Ich realisiere, dass ich wohl durchmachen muss und ziehe daraus irgendwie die falschen Schlüsse. Da ich durch diese Entscheidung jetzt wieder ein größeres Zeitfenster habe, gönne ich mir erstmal eine einstündige Assi-TV-Doku über ein wildgewordenes Tokio-Hotel-Fangirl. Höhö, lustig. Zum Glück bin ich nicht so doof wie die.

16. Juli, 2 Uhr

Was soll ich sagen? Irgendwie habe ich es ja doch hinbekommen, mein Skript fertig zu schreiben. Jetzt also den geschriebenen Text aufnehmen. Da ich zu dieser unchristlichen Uhrzeit niemanden stören möchte und außerdem durch mein Zimmer irgendwelche komischen Radiowellen laufen, die Aufnahmen immer etwas unschön klingen lassen, verkrieche ich mich in den Keller. Dort hallt es eigentlich viel zu sehr, aber ich baue mir aus Wäscheleinen und Bettdecken eine eigene kleine Studiobox. Ich muss sagen, darauf bin ich schon ein wenig stolz. Auf meinen ersten Aufnahmen klinge ich wie ein bekiffter Zombie, mit der Zeit wird mein Elan aber größer. Vor allem, als mich ein Kumpel völlig betrunken von der Firmenfeier aus anruft und eine Dreiviertelstunde mit mir quatscht.
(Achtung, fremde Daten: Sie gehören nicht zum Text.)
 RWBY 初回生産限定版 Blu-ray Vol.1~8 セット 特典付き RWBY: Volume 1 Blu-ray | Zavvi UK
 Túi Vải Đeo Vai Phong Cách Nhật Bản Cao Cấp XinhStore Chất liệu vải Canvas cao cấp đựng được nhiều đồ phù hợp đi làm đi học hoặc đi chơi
Ich hab‘ ja Zeit.

16. Juli, 4:30 Uhr

Die Aufnahmen sind im Kasten, ich muss jetzt nur noch schneiden! Ich hole mein Abendessen nach und schmeiße eine halbe Packung Kroketten in den Ofen, die ich einfach so mit Ketchup verspachtele. Meine Freundin steht auf. Die muss jetzt zur Arbeit. Ich aber auch. Immerhin ist es schon hell und mein Seminar beginnt in fünf Stunden.

16. Juli, 6 Uhr

Ich bin fasziniert, wie viel Zeit meine Interviewpartner damit verbracht haben, das Wort „Ähhh“ zu benutzen. Muss ich alles rausschneiden. Ich frage mich, wie viel Lebenszeit ein Mensch wohl mit diesem Wort verbringt. Hier sind es auf dreizehn Minuten Beitrag etwa 30 Sekunden. Das sind knappe vier Prozent. Wenn wir das auf eine durchschnittliche Lebensdauer von 80 Jahren hochrechnen, verschwenden wir also 3,2 Jahre unseres Lebens damit, „Ähhh“ zu sagen. Wie viel Zeit ich wohl schon damit verschwendet habe, mir über solchen Firlefanz Gedanken zu machen, nur um wichtige Arbeiten aufzuschieben?

16. Juli, 7 Uhr

Boom Baby, ich bin fertig! Ich bin so stolz auf mein Ergebnis, dass ich es mir drei Mal hintereinander anhöre. Noch satte drei Stunden bis zum Seminar. Schlafen gehen lohnt jetzt eh nicht mehr, also kann ich auch noch fix diesen Artikel für StudentsStudents fertig machen. Und dann gibt’s direkt Kaffee. Also gleich. Nur noch ein Youtube-Video.